*What the task requires*: Quote exactly the lines spanning from the top of the data below to the line that contains "Wepa Toilettenpapier aus", including both.

*Dataset excerpts*:
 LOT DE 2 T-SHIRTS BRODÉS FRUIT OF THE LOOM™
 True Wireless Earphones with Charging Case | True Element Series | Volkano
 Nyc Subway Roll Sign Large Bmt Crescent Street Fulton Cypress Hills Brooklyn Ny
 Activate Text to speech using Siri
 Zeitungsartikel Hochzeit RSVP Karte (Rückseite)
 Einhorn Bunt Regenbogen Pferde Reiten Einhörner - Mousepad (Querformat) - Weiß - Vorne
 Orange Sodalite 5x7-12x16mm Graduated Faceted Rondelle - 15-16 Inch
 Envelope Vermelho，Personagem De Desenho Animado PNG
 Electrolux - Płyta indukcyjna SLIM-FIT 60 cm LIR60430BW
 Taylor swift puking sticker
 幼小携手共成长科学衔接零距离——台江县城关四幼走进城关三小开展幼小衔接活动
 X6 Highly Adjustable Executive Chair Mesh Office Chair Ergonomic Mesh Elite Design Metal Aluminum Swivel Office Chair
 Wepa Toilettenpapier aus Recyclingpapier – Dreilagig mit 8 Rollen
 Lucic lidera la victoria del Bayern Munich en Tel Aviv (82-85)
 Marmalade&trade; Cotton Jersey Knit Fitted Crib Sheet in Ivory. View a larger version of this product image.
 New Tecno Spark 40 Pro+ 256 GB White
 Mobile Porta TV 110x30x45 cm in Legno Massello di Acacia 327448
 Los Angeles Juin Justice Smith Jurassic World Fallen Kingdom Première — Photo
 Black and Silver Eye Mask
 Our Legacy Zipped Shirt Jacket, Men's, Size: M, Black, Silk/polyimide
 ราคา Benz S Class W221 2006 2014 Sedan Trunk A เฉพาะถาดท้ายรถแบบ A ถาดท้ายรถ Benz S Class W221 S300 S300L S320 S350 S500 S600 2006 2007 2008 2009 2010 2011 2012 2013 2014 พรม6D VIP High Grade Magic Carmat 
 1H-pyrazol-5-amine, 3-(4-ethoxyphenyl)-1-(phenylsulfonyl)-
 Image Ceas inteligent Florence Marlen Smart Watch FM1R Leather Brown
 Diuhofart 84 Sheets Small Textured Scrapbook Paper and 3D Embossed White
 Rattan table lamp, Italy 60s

*Problem solution*:
 LOT DE 2 T-SHIRTS BRODÉS FRUIT OF THE LOOM™
 True Wireless Earphones with Charging Case | True Element Series | Volkano
 Nyc Subway Roll Sign Large Bmt Crescent Street Fulton Cypress Hills Brooklyn Ny
 Activate Text to speech using Siri
 Zeitungsartikel Hochzeit RSVP Karte (Rückseite)
 Einhorn Bunt Regenbogen Pferde Reiten Einhörner - Mousepad (Querformat) - Weiß - Vorne
 Orange Sodalite 5x7-12x16mm Graduated Faceted Rondelle - 15-16 Inch
 Envelope Vermelho，Personagem De Desenho Animado PNG
 Electrolux - Płyta indukcyjna SLIM-FIT 60 cm LIR60430BW
 Taylor swift puking sticker
 幼小携手共成长科学衔接零距离——台江县城关四幼走进城关三小开展幼小衔接活动
 X6 Highly Adjustable Executive Chair Mesh Office Chair Ergonomic Mesh Elite Design Metal Aluminum Swivel Office Chair
 Wepa Toilettenpapier aus Recyclingpapier – Dreilagig mit 8 Rollen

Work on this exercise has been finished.